TASK OBJECTIVE: Pictures stay out, but every line of the data is copied exactly.

++++++++++

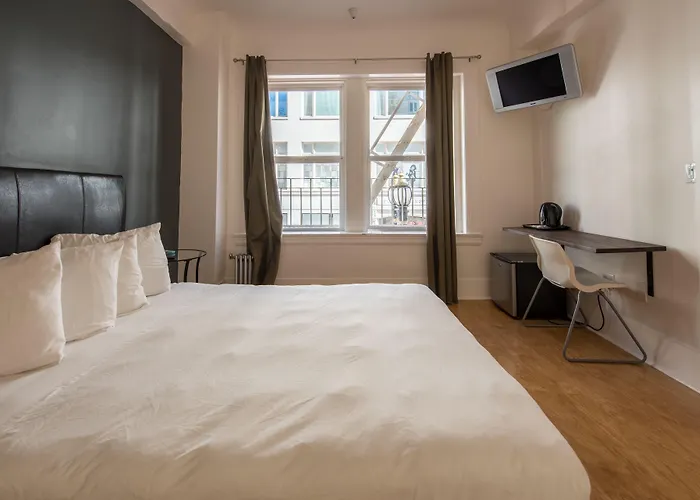 Herbert Hotel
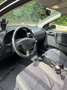 Opel Astra 1.6 8V NJOY Blauw - thumbnail 9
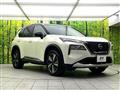 2024 Nissan X-Trail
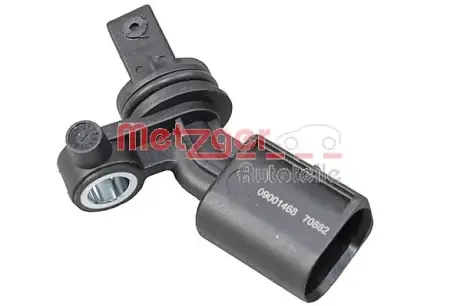 Датчик ABS METZGER 09001468 Фольксваген Амарок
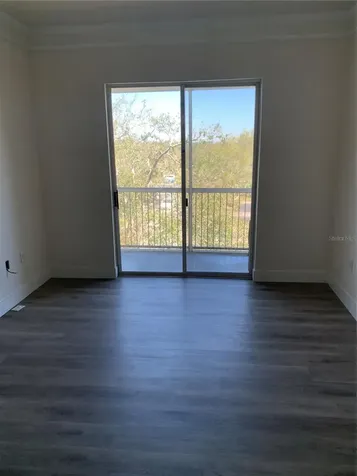 5152 Northridge Road Sarasota FL 34238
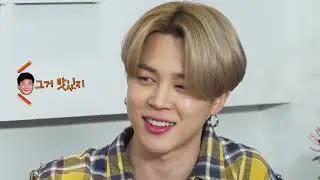 Run BTS! 2021 - EP.142 Full Sub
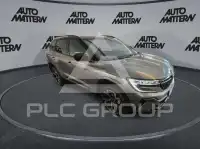 2025 Renault Austral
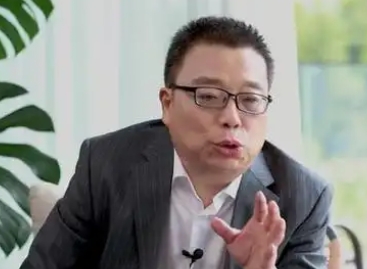 2025年浙大教授沈志坤课程讲座推荐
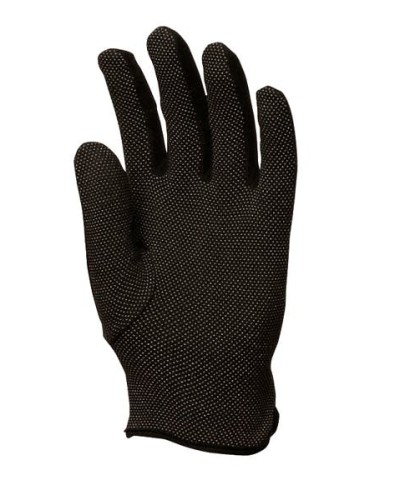 Ръкавици шити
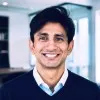 Sumesh Poduval
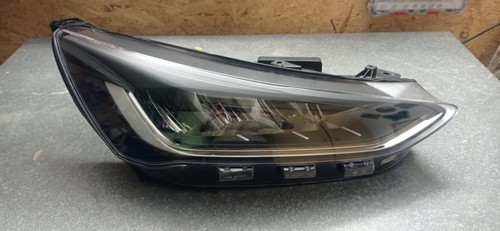 Original ford focus - ford,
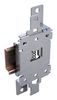 LITTELFUSE SADH-C1N600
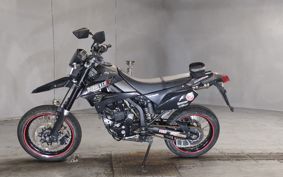 KAWASAKI D-TRACKERX LX250V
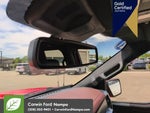 2021 F-150 Thumbnail 24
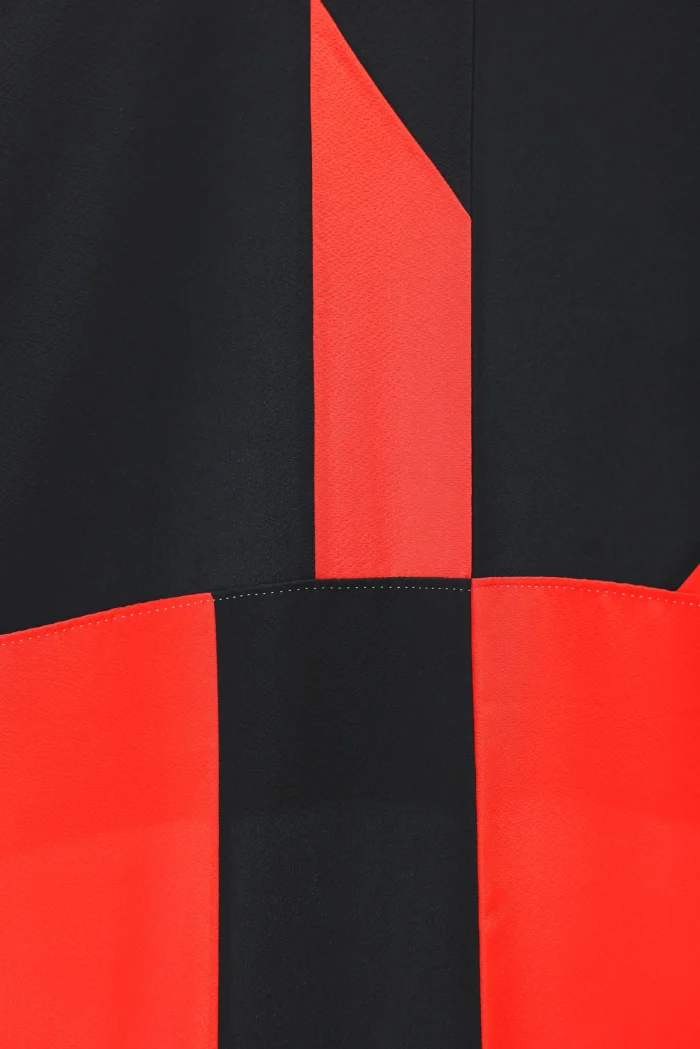 kire-dori00006_3G3A4871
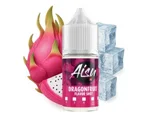 30ML Aisu Flavor Shots [Aisu Dragonfruit]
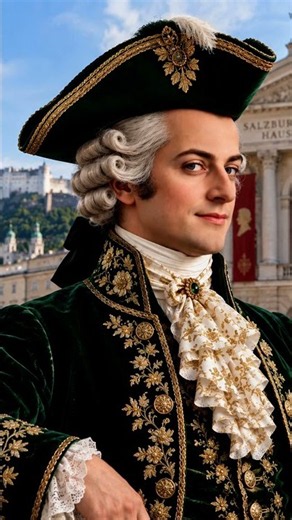 Piano Sonata No. 16 in C Major, K. 545: I. Allegro – Wolfgang Amadeus MOZART
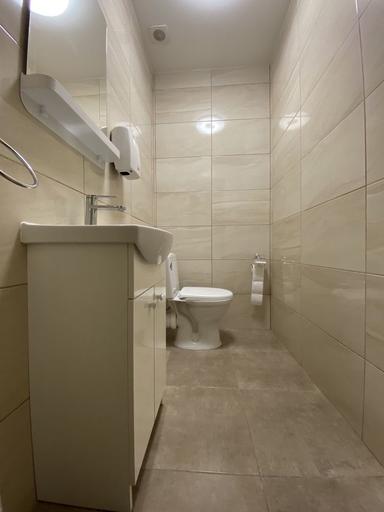 Commercial real estate at (area 272,4 m²) - Atlanta.ua - photo 34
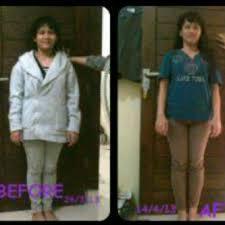Mau punya tubuhh IDEAL ? yuk liat kultweet @shintaherbal atau invite langsung pin:292EAB81,no tlpn : 089619578690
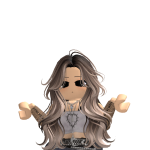 @Unicorniasrainbow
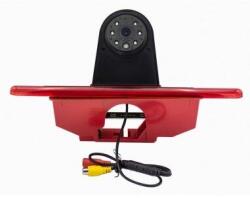 Peugeot Tolatókamera Peugeot Expert (2007 - 2016) C465 Xenon Bright®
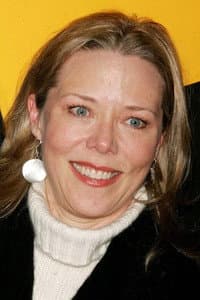 Kathryn Meisle in Basket Case 2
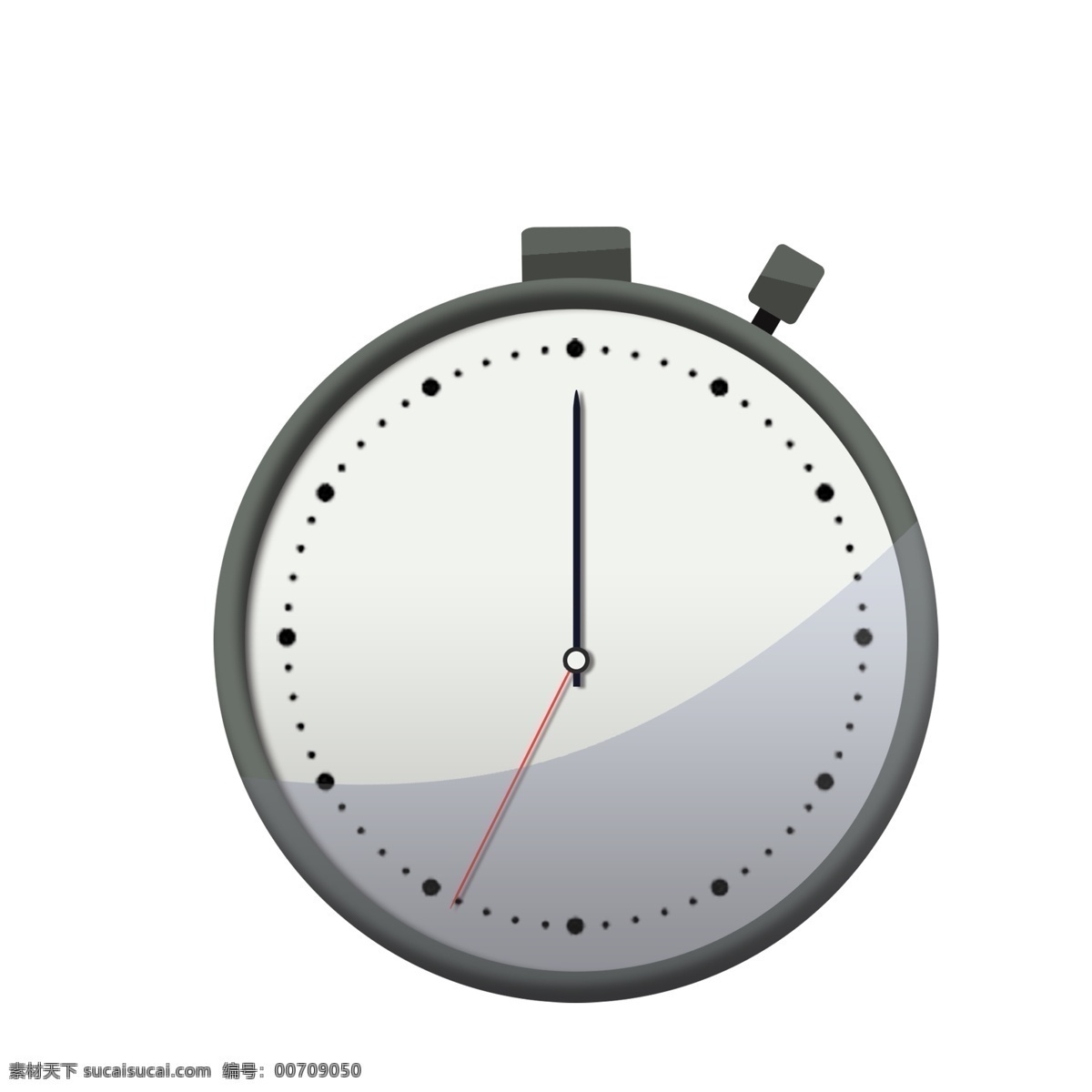时间 钟表 电子表 才 会 钟表时间机械 时钟白色齿轮 时刻装饰挂钟 装饰品 简约钟表时钟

++++++++++

EXPECTED OUTPUT:
 Herbert Hotel
 Opel Astra 1.6 8V NJOY Blauw - thumbnail 9
 2024 Nissan X-Trail
 Датчик ABS METZGER 09001468 Фольксваген Амарок
 5152 Northridge Road Sarasota FL 34238
 Run BTS! 2021 - EP.142 Full Sub
 2025 Renault Austral
 2025年浙大教授沈志坤课程讲座推荐
 Ръкавици шити
 Sumesh Poduval
 Original ford focus - ford,
 LITTELFUSE SADH-C1N600
 KAWASAKI D-TRACKERX LX250V
 2021 F-150 Thumbnail 24
 kire-dori00006_3G3A4871
 30ML Aisu Flavor Shots [Aisu Dragonfruit]
 Piano Sonata No. 16 in C Major, K. 545: I. Allegro – Wolfgang Amadeus MOZART
 Commercial real estate at (area 272,4 m²) - Atlanta.ua - photo 34
Mau punya tubuhh IDEAL ? yuk liat kultweet @shintaherbal atau invite langsung pin:292EAB81,no tlpn : 089619578690
 @Unicorniasrainbow
 Peugeot Tolatókamera Peugeot Expert (2007 - 2016) C465 Xenon Bright®
 Kathryn Meisle in Basket Case 2
时间 钟表 电子表 才 会 钟表时间机械 时钟白色齿轮 时刻装饰挂钟 装饰品 简约钟表时钟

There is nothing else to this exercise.